Punta Abreojos
"Some places reward the effort of getting there with views; Punta Abreojos rewards you with the feeling that you earned the right to be there."
The road from Guerrero Negro takes close to three hours once you leave the highway, and the last sixty kilometers are dirt. I counted seventeen washboard sections before I stopped counting and let the truck absorb it. When Punta Abreojos finally appeared — a scatter of low white buildings against a wide, grey Pacific — I understood the name. You need to keep your eyes open out here, in the practical sense: there are ruts that will swallow a tire. But also in the other sense, the one that matters more. This place has a way of demanding your full attention from the moment you arrive.
The Break at the Point
The wave at Punta Abreojos peels off the rocky point at the edge of town, and on a solid northwest swell it ranks among the better right-hand points on the Pacific side of Baja. I’m not a great surfer — I’ll say that plainly — but I paddled out on a morning when the sets were shoulder-high and manageable, and I shared the lineup with four other people. One was a kid from town destroying it on a beat-up shortboard. The other three were a couple from San Diego who had driven down every November for nine years. “We stopped telling people about it,” the woman told me between sets. I understood completely.
The point works best on mid to high tide, before the afternoon wind turns the surface choppy. Early morning the water is glassy and the sets arrive in clean, readable lines. On flat days — and there are flat days — the water is clear enough to see the bottom at fifteen feet, and the only sound is the cooperative’s boats heading out before dawn.

The Cooperative
Punta Abreojos is a fishing town in the most operational sense: the Sociedad Cooperativa de Producción Pesquera controls the local lobster fishery under a quota system that has kept the population healthy for decades. The season runs October through February. During those months, the boats go out before dawn and return by mid-morning with spiny lobster destined almost entirely for export — mostly Asia — though you can eat it locally if you know to ask.

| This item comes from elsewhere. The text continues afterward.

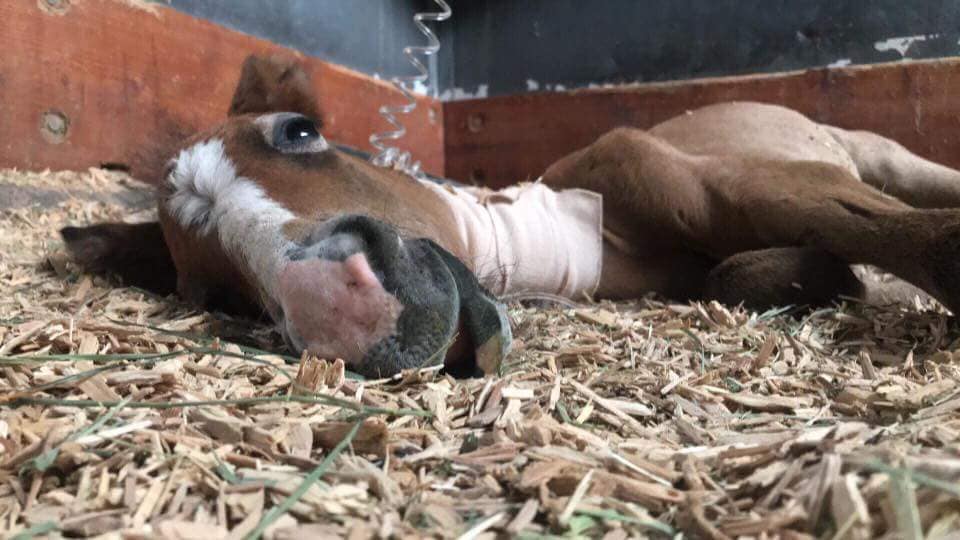 Little Guy Fighting To Be Alive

I had lunch at a small comedor near the cooperative’s processing building, no sign outside, run by a woman named Doña Carmen who put half a grilled lobster in front of me with rice, black beans, and handmade tortillas for two hundred pesos. It was the most honest meal I had in Baja. I went back the next day and ordered the same thing. She seemed unsurprised.

The Whales
Between January and March, grey whales move through the nearshore waters around the outer Baja coast on their way to and from the calving lagoons to the south. You don’t need a panga to see them. Some mornings, standing on the point at first light, I heard them before I saw them — that long pressurized exhale, unmistakable once you know it, like something very large slowly letting go. They surface close enough that you can see the barnacles on their backs.

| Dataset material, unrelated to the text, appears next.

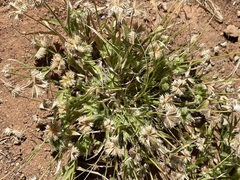 Dactyloctenium radulans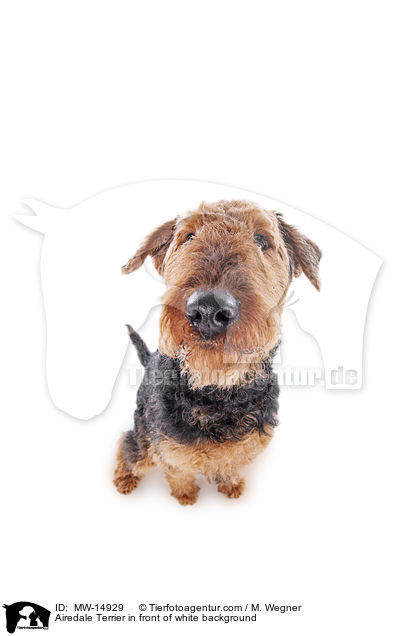 Airedale Terrier in front of white background / MW-14929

A local fisherman offered to take me out in his small boat for three hundred pesos. We cut the engine fifty meters from a mother and calf and drifted. Nobody spoke. It seemed like the only reasonable response.

Getting There
Turn off Highway 1 at the Punta Abreojos sign roughly 30 kilometers south of Guerrero Negro. The pavement ends after about 10 kilometers; the remaining 60 kilometers are dirt and gravel, passable in a standard vehicle but more comfortable in a truck. Plan three hours from the turnoff. Fill up in Guerrero Negro — there is no gas station in Abreojos, and mobile signal is essentially nonexistent once you leave the highway.